**Try it**
Output all the records word for word. Drop the pictures.

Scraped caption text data
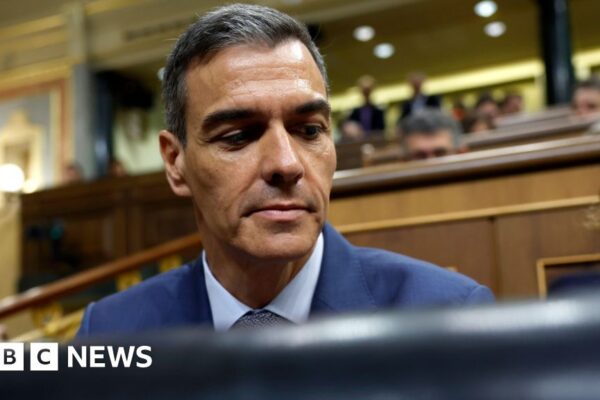 Embattled Sánchez resists clamour for resignation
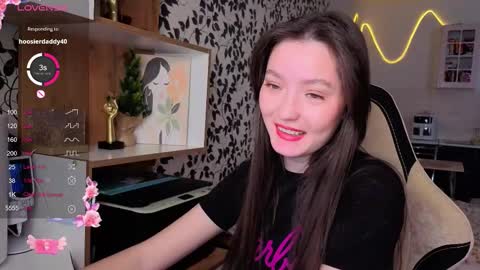 Snapshot of fairy_m00n_ chatting on 03-12-26, 04:18 Fairy m00n online show from 03-12-26, 04:18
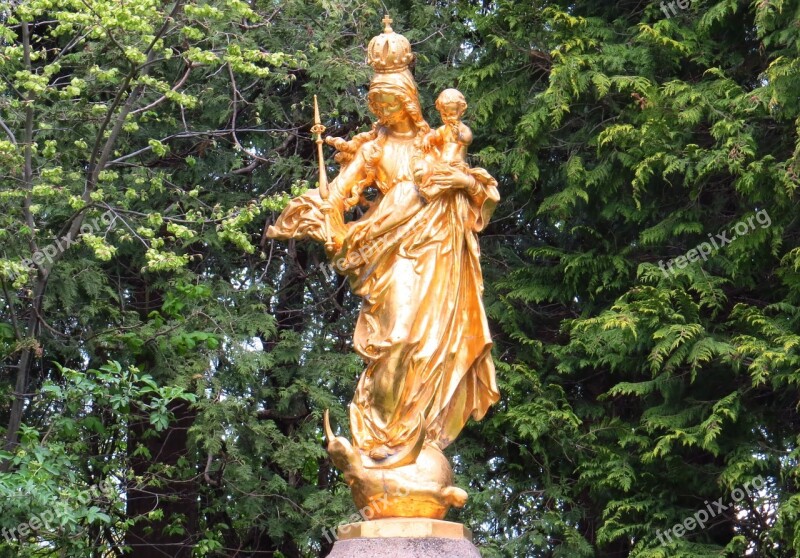 Cemetery Maria Jesus Child Gold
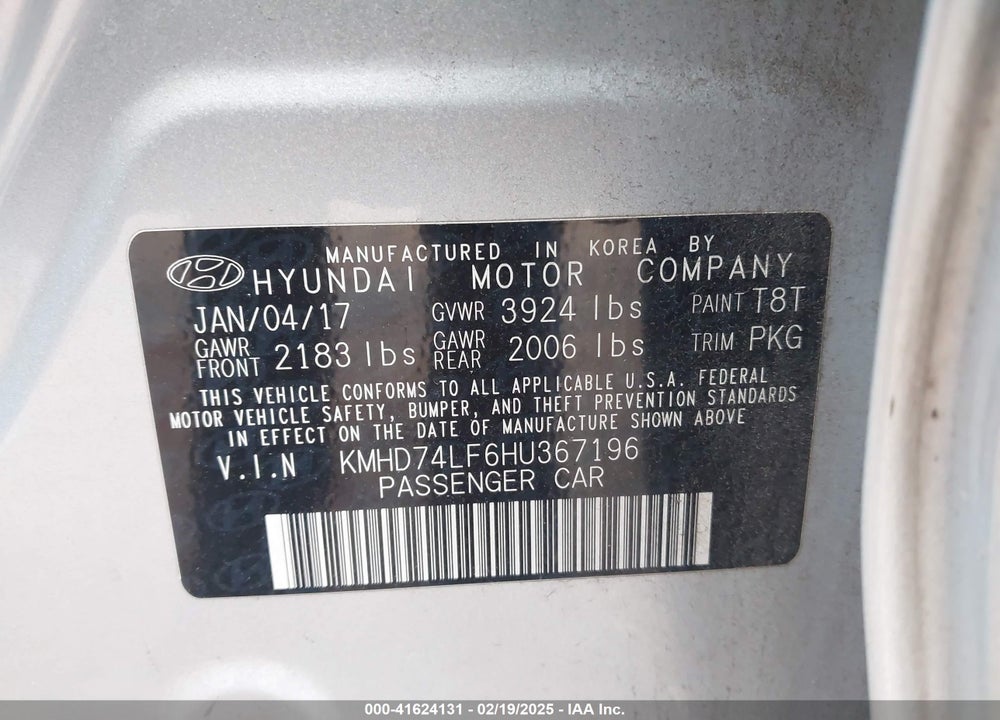 2017 HYUNDAI ELANTRA VIN: KMHD74LF6HU367196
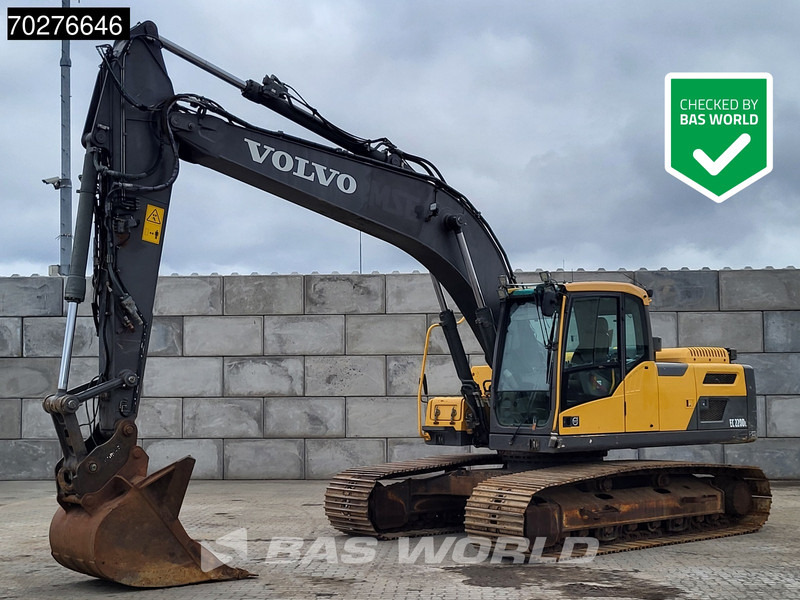 Volvo EC220 D L - Lánctalpas kotró: 1 kép. Volvo EC220 D L - Lánctalpas kotró: 1 kép.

**Reply**
 Embattled Sánchez resists clamour for resignation
 Snapshot of fairy_m00n_ chatting on 03-12-26, 04:18 Fairy m00n online show from 03-12-26, 04:18
 Cemetery Maria Jesus Child Gold
 2017 HYUNDAI ELANTRA VIN: KMHD74LF6HU367196
 Volvo EC220 D L - Lánctalpas kotró: 1 kép. Volvo EC220 D L - Lánctalpas kotró: 1 kép.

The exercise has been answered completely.